#### [What you are asked to do]
All lines below containing the string "Images" are to be copied.

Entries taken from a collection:
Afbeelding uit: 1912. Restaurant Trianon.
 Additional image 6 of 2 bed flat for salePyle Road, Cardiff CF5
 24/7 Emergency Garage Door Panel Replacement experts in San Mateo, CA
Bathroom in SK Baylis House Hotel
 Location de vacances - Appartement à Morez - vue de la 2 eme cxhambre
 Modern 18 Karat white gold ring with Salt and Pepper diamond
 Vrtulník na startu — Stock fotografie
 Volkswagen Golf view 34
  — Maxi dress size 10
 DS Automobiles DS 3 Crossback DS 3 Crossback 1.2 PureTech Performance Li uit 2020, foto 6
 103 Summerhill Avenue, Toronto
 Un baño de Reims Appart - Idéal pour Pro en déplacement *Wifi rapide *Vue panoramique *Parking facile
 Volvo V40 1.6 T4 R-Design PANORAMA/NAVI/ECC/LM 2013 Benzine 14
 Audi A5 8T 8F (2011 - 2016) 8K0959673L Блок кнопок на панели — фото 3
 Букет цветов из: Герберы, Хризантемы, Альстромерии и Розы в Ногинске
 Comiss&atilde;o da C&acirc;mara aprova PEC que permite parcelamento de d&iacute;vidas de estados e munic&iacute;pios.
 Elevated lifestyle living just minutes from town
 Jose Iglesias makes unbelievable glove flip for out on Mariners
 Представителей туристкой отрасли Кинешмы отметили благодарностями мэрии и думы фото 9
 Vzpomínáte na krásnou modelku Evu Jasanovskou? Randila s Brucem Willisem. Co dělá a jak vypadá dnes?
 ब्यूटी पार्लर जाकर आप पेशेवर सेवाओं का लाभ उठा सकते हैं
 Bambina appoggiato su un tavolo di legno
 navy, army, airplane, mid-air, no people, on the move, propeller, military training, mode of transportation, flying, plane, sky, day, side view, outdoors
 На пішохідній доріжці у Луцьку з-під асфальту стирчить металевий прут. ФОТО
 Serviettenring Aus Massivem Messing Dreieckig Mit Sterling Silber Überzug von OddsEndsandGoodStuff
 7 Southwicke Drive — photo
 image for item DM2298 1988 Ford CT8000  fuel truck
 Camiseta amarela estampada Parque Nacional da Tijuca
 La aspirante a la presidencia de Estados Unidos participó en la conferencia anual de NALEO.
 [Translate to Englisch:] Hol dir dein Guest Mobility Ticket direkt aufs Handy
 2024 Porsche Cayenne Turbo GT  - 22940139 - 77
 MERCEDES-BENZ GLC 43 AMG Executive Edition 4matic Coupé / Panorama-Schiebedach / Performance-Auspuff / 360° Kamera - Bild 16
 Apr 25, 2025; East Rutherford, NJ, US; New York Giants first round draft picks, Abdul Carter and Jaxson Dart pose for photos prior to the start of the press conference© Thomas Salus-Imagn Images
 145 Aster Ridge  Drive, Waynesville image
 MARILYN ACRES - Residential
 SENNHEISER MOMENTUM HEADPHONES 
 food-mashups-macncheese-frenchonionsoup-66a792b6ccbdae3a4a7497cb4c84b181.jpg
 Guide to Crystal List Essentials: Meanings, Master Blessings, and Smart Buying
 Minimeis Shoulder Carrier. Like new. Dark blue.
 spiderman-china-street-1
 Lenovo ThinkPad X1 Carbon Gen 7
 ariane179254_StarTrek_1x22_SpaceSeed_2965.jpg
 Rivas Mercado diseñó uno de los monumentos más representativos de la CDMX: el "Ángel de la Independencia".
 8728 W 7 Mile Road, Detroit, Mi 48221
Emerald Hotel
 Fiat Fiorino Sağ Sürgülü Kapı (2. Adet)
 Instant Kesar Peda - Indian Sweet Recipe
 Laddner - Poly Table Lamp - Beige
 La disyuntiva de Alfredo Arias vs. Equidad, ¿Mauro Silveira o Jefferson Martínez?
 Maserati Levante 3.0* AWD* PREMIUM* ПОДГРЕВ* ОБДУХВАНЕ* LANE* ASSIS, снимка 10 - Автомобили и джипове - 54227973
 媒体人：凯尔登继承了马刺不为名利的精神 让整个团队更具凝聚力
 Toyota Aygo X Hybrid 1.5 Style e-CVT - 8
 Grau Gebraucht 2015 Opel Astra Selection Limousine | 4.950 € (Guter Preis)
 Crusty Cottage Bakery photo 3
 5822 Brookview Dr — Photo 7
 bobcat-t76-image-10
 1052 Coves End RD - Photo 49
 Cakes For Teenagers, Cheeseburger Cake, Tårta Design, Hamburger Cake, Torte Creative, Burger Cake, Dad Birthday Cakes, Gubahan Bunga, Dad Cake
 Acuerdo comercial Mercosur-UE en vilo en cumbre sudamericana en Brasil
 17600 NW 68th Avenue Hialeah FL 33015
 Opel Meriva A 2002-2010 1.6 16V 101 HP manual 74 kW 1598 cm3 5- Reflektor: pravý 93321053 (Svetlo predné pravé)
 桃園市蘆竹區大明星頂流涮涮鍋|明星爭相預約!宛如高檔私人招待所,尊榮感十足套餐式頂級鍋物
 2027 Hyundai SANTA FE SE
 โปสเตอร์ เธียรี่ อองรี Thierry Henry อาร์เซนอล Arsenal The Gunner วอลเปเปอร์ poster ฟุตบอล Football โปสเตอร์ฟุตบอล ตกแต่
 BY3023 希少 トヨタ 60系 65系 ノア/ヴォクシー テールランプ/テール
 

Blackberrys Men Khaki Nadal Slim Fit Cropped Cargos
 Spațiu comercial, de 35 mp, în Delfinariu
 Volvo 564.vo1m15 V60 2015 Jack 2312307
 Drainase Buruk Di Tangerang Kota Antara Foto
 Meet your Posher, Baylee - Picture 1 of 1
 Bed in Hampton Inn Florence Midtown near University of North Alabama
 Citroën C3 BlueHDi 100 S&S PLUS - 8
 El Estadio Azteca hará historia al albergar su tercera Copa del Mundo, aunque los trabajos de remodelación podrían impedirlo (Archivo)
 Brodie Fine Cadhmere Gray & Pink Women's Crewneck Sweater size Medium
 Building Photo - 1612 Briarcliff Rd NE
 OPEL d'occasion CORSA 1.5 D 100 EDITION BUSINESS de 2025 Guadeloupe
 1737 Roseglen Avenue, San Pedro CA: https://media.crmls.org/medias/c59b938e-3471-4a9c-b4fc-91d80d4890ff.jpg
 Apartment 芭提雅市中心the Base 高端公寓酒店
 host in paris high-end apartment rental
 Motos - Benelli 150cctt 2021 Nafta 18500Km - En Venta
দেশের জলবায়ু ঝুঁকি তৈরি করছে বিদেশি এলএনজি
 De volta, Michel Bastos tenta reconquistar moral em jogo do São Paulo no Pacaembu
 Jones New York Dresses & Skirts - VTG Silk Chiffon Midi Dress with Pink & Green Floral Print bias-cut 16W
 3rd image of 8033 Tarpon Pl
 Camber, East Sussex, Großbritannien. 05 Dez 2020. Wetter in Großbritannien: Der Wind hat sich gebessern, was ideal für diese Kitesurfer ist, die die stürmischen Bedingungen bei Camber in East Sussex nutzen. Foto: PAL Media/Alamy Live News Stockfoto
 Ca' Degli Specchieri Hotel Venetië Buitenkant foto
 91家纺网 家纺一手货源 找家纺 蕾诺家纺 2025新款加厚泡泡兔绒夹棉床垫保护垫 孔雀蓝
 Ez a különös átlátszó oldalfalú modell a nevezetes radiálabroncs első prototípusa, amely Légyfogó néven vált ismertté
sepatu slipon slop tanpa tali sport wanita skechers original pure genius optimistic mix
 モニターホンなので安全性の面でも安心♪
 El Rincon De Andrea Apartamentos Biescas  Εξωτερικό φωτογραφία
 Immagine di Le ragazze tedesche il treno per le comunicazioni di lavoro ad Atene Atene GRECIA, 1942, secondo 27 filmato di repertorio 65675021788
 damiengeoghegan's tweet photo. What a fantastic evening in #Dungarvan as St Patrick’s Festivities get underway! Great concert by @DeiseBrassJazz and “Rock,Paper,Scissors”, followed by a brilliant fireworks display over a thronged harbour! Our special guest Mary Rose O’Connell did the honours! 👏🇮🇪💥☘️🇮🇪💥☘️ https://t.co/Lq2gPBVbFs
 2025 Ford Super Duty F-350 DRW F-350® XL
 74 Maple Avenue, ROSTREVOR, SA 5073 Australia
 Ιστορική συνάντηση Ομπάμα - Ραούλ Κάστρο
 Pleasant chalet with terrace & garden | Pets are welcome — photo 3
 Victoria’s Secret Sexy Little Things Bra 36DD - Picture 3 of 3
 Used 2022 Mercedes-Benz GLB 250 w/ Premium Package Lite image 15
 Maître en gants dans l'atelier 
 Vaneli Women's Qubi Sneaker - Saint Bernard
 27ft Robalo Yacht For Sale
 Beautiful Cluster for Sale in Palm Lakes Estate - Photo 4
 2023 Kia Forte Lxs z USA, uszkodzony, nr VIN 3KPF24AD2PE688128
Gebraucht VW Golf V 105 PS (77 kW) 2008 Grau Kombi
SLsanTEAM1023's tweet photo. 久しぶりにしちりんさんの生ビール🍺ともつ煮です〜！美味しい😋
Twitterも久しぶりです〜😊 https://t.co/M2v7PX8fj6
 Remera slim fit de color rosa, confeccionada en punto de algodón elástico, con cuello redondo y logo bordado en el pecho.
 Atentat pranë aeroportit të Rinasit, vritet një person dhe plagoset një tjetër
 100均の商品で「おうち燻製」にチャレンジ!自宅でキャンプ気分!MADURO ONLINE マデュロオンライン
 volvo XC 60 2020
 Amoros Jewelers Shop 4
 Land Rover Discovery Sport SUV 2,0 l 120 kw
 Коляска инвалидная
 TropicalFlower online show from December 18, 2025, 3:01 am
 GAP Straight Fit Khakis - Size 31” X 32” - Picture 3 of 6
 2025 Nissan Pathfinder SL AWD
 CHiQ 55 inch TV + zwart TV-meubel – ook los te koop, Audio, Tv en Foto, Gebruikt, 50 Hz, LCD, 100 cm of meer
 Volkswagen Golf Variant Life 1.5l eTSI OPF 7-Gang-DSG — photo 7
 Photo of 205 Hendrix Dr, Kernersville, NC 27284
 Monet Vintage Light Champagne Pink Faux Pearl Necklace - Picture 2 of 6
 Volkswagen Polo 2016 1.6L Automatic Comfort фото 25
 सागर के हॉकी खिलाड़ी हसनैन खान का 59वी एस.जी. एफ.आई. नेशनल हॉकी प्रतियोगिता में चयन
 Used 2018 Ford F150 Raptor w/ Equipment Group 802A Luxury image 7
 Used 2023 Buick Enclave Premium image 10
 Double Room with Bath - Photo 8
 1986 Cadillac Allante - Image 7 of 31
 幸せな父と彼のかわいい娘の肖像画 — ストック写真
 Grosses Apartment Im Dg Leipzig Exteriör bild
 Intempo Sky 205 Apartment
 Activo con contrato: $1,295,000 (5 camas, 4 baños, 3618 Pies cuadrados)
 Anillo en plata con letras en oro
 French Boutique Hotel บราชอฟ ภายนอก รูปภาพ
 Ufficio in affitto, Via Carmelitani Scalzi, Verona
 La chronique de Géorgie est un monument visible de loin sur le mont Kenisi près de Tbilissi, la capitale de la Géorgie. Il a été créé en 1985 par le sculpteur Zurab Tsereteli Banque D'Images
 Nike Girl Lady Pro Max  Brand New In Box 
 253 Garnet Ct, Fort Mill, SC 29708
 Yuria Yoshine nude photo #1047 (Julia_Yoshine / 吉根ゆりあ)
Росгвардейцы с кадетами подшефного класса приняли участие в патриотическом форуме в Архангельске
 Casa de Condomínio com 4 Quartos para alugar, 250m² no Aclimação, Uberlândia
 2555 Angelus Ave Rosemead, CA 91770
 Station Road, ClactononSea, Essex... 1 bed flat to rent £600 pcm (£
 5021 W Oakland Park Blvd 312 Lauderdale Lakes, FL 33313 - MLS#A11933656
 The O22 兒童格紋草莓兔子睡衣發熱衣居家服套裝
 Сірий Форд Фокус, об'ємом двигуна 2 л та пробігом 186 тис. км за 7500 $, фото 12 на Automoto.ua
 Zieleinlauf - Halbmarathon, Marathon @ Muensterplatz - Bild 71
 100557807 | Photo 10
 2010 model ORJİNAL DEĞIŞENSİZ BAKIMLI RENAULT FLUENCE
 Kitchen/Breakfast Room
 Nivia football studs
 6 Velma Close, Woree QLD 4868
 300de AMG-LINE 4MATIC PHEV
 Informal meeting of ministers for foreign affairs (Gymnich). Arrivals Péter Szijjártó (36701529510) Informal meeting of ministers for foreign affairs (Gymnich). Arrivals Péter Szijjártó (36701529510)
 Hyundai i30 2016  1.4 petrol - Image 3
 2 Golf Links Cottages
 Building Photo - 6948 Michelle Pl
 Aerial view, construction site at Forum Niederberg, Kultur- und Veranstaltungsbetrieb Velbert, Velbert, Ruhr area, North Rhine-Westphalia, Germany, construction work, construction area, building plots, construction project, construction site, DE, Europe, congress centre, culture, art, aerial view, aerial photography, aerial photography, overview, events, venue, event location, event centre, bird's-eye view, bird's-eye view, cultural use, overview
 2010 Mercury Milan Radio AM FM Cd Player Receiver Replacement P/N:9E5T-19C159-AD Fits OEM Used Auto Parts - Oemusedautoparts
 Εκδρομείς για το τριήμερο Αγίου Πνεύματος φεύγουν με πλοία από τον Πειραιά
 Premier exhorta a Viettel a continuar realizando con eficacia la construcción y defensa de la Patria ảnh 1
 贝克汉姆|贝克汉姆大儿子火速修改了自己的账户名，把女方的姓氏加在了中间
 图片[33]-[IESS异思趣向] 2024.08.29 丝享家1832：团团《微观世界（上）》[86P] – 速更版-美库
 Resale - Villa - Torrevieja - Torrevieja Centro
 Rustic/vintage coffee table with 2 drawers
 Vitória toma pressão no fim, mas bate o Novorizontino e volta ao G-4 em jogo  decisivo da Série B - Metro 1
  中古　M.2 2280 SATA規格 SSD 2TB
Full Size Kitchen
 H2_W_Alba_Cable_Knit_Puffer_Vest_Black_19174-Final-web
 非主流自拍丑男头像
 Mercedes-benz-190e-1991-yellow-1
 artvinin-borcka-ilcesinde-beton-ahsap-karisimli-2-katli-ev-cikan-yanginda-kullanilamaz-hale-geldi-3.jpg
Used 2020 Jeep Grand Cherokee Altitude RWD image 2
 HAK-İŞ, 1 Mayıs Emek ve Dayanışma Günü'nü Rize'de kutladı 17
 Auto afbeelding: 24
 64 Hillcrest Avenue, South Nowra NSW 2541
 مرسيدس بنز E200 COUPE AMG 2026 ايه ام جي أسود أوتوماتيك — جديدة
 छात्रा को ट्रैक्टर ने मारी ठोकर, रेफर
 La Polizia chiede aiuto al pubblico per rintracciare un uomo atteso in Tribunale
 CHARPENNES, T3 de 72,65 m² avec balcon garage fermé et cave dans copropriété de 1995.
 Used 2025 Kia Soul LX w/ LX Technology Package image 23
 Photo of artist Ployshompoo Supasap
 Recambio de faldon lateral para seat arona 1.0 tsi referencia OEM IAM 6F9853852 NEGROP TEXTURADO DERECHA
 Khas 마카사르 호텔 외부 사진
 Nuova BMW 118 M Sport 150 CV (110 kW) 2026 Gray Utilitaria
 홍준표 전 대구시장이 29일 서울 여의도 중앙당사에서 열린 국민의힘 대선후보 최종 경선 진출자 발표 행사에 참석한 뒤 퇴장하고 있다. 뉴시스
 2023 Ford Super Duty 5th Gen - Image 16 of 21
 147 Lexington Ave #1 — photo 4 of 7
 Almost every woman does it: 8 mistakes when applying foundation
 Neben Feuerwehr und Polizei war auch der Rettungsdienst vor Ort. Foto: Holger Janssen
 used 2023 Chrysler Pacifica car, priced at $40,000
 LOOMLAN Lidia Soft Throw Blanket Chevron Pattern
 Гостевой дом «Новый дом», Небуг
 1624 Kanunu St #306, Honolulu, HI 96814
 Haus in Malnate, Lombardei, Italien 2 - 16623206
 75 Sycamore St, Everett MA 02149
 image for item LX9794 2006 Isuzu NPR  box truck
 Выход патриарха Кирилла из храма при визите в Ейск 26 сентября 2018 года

#### [Answer area]
 Apr 25, 2025; East Rutherford, NJ, US; New York Giants first round draft picks, Abdul Carter and Jaxson Dart pose for photos prior to the start of the press conference© Thomas Salus-Imagn Images
 La chronique de Géorgie est un monument visible de loin sur le mont Kenisi près de Tbilissi, la capitale de la Géorgie. Il a été créé en 1985 par le sculpteur Zurab Tsereteli Banque D'Images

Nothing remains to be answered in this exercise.